[poppler] [patch] control of word breaks for PDF, request for comments

Mon Mar 12 18:29:54 PDT 2012

Thanks for the comment.

I have probably said it somewhere already, but IMO somebody
knowledgeable in the poppler/Xpdf/PDF should try to first create an
infrastructure to reuse the word break mechanism. And the text
coalescing (which is, if calibre trouble tickets is any indication, is
more sensitive area (*)). It is being reimplemented - and every time
slightly differently - in literally every OutputDev.
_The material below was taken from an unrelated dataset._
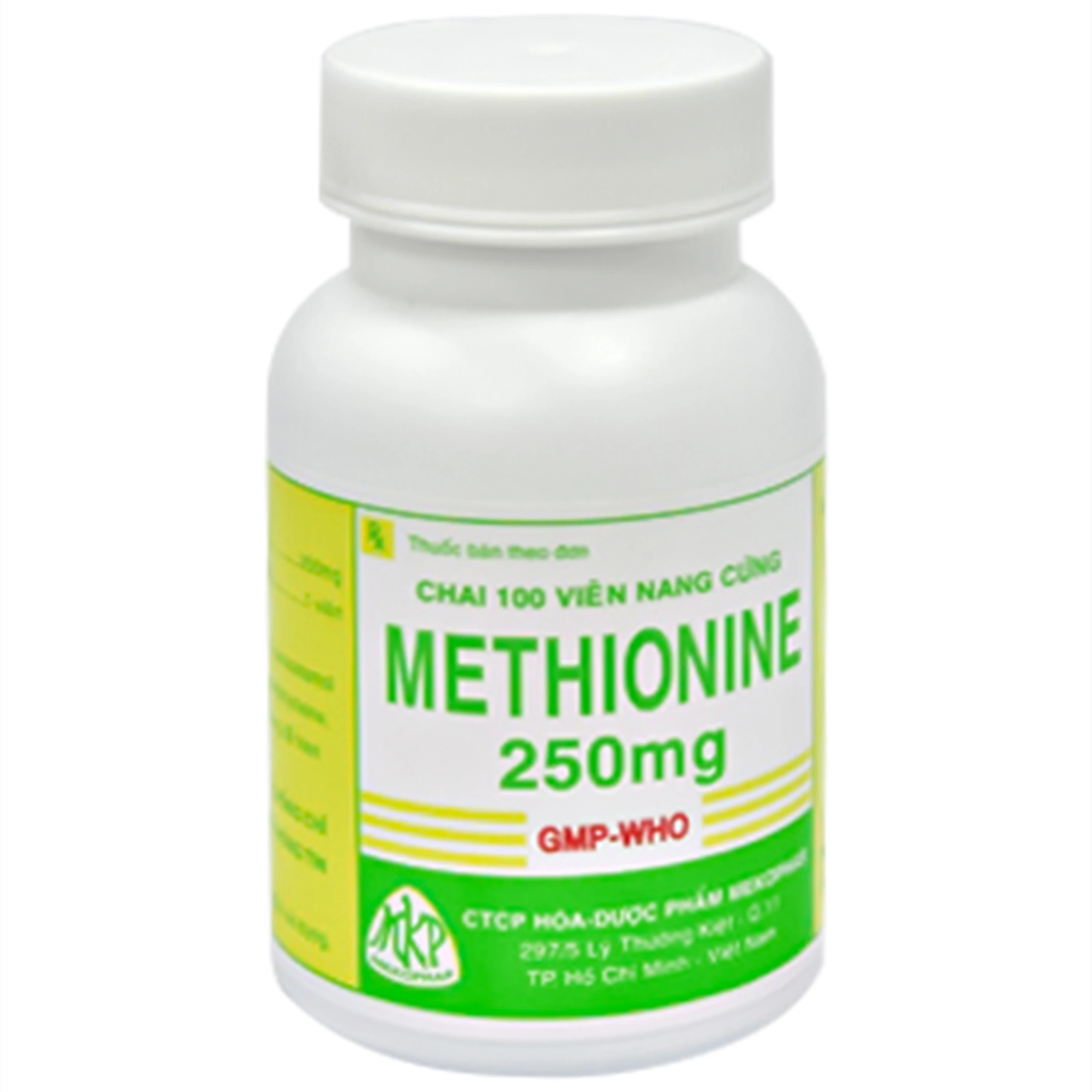 Viên nang cứng Methionine 250mg Mekophar điều trị quá liều paracetamol (100 viên)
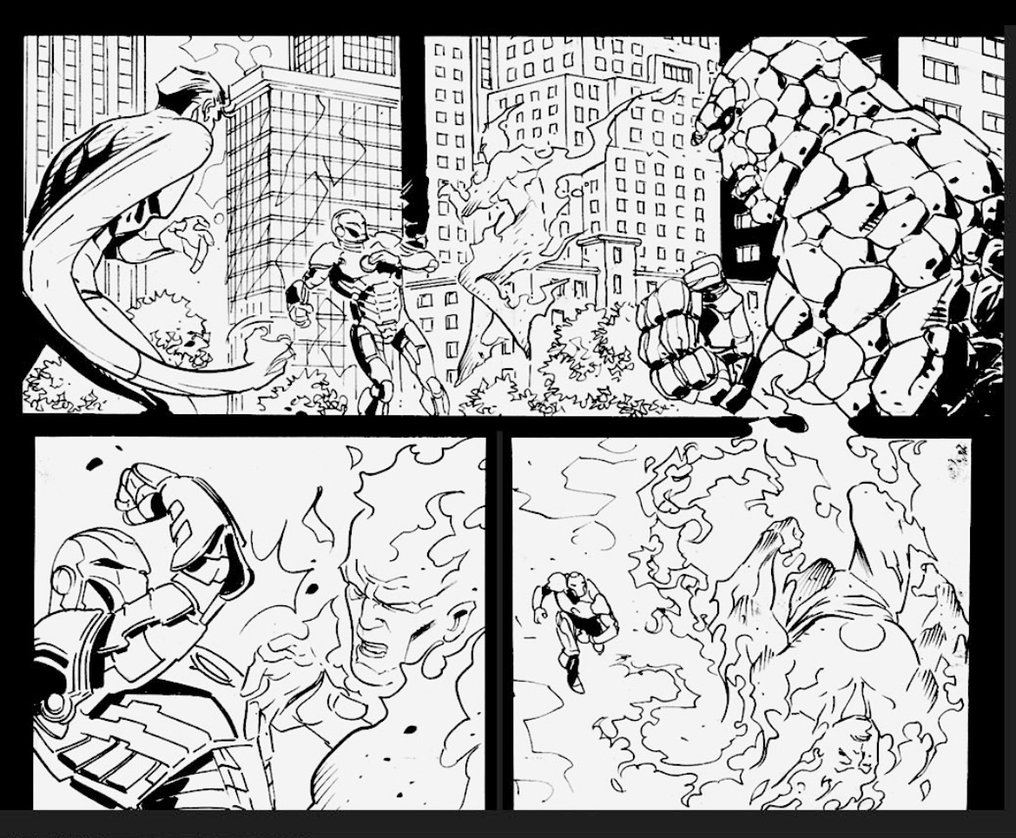 Caracuzzo, Giancarlo - 1 Original page - Fantastic Four, Iron Man - 2017 #2.1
It is probably
the time not spent best, unless of course it helps in the end to
figure out the requirements for such word breaking/character
coalescing utility.

Such change is unfortunately beyond my knowledge in the matters: I'm
not much versed in the PDF structure and most of the GfxState is still
deep mystery to me.

(*) One of the /popular/ problems is (or was? hard to track the
progress) that at times pdftohtml, during (I presume) coalescing,
thinks that in "ll" (two lower case Ls) the second 'l' is in fact a
shadow/etc of the first, and "merges" them by removing the second.
E.g. after conversion people end up in text with "tel" instead of
"tell".

On 3/12/12, Josh Richardson <jric at chegg.com> wrote:
> Given the simplicity of the fix, I think this is a great addition.
>
> FWIW, there are other things we can do to correctly identify spaces
> without trial and error -- for instance, the threshold should not be
> fixed, but should depend upon the current character spacing, word-spacing,
> and width of the "space" character (if present in the selected font.)  My
> colleagues and I have had some success automating using some of these
> metrics.
>
> --josh
>
> On 3/12/12 3:45 PM, "Ihar `Philips` Filipau" <thephilips at gmail.com> wrote:
>
>>Hi All!
>>
>>Some time ago I have encountered a document (can be provided privately
>>via e-mail on request) which had a strange problem: spacing between
>>some characters in words was uneven. Some sort of broken kerning or
>>some such.
>>
>>When I tried to convert the PDF into HTML/XML, I have noticed that the
>>extra distance between characters was causing pretty much all PDF
>>conversion and reading tools to not recognize the words as words - but
>>instead as two or more words.
>>
>>I have spent several weeks trying to salvage the document and I've
>>done it. Result of the work led me to try to hack on the poppler and
>>see if I can make that task somehow easier. The result is the pretty
>>simple patch for pdftohtml attached to the bug:
>>
>>https://bugs.freedesktop.org/show_bug.cgi?id=47022
>>
>>It introduces a command line option to adjust the normally hard coded
>>the coefficient 0.1 used to detect when word break should occur.
>>
>>One one side, the patch somehow doesn't fit the whole picture:
>>apparently pretty much all tools use the 0.1 coefficient for breaking
>>up words.
>>
>>On the other side, it would be IMO good to have at least one tool
>>capable of salvaging such documents. The alternative is lengthy and
>>tedious menial proof-reading and editing.
>>
>>Does the community have any opinion on the topic in general or the
>>patch in particular?
>>
>>Thanks.
>>_______________________________________________
>>poppler mailing list
>>poppler at lists.freedesktop.org
>>http://lists.freedesktop.org/mailman/listinfo/poppler
>>
>
>

-- 
Don't walk behind me, I may not lead.
Don't walk in front of me, I may not follow.
Just walk beside me and be my friend.
    -- Albert Camus (attributed to)